Yup, especially when the OTHER thread was created by an India spammer who was data-mining information from our members. 

DM


----------



## oh'mike (Sep 18, 2009)

Some things go on in the back room that you just don't want to know---

We keep watch over a lot of not so nice people ----trust the MODS --we try hard to keep this site clean.

'Kentucky Rain' brings back memories of a girl who thought I was special----Music wakes up a lot of sleeping giants.----Mike----


----------



## BigJim (Sep 2, 2008)

I don't know if this is the name of the song or not but I think it is. My favorite song is, You don't love me anymore by Bob Seger.


----------



## creeper (Mar 11, 2011)

Awwww.....thanks Mike. I feel all protected now. I responded to that thread. I had no idea there was bad guys lurking about (I may be dumb, even though I'm not stupid). I;m sure there are other mods I should be thanking as well, so to all of you, Way to go!


----------



## Marqed97 (Mar 19, 2011)

Ah, the warm fuzziness of understanding is washing over me now. Thanks, mods!
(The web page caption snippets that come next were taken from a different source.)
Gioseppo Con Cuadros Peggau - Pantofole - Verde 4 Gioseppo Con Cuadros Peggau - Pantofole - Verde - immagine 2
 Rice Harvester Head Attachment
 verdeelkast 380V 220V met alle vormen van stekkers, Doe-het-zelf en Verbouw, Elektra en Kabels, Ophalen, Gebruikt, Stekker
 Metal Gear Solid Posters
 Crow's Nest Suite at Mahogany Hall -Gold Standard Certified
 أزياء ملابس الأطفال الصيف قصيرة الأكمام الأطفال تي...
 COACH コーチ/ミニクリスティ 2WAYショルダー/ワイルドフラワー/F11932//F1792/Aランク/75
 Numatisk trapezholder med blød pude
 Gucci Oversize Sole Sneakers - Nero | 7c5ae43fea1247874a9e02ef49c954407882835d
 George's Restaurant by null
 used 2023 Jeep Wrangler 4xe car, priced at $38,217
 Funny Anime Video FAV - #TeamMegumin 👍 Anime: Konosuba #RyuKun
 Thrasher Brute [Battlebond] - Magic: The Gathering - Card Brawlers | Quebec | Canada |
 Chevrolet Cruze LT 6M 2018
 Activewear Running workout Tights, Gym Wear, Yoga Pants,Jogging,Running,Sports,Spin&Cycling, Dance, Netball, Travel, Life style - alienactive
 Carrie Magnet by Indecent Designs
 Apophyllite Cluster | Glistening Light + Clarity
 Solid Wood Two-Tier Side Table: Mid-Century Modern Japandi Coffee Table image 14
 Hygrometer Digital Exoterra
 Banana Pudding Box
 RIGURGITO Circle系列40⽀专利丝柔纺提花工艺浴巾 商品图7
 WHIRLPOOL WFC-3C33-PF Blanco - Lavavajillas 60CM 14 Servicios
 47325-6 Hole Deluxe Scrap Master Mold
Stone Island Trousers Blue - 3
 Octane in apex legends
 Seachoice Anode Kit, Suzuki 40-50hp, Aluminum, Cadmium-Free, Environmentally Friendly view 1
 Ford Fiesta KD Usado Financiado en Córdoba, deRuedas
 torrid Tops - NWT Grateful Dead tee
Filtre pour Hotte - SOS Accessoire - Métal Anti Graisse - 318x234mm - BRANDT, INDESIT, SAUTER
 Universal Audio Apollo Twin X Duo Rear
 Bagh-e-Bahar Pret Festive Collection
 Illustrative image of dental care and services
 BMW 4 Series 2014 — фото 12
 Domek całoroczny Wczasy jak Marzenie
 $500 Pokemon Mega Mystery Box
At the moment, listening to Keb 'Mo and Mumford & Sons. Keeps me going while I'm under deadline in the shop...


----------



## rossfingal (Mar 20, 2011)

Thanks Mods!

Sorry I contributed to to spam/scam thread!
Song - "Little Wing" - Derek and the Dominoes
(Keep the spam/scammers out of here!!!)
Please!!! 

RF


----------



## oh'mike (Sep 18, 2009)

rossfingal said:


> Thanks Mods!
> 
> Sorry I contributed to to spam/scam thread!
> Song - "Little Wing" - Derek and the Dominoes
> ...



You started me on a trip down memory lane--an hour on Youtube thanks to your post.


----------



## m1951mm (Apr 16, 2011)

I am going to include a whole album, not a single bad song on it:

Love (is the group)
Love Forever Changes (album name)
1967

a link to an acoustical of my favorite song on the album (still not the same as Love itself, but nice to hear, have found them on Pandora:

http://www.youtube.com/watch?v=P2Q65krByLY

Also White Bird-Its a Beautiful Day


----------



## m1951mm (Apr 16, 2011)

DangerMouse said:


> Yup, especially when the OTHER thread was created by an India spammer who was data-mining information from our members.
> 
> DM


Thanks DM, for taking such good care of us!!!!! I am just bummed that you did not take me up on the invitation for the fall rental I posted with the shower facilities:wink:. I for sure send my thanks to all the other MODs on this site and the invitation, but DM and I have something in common:wink:.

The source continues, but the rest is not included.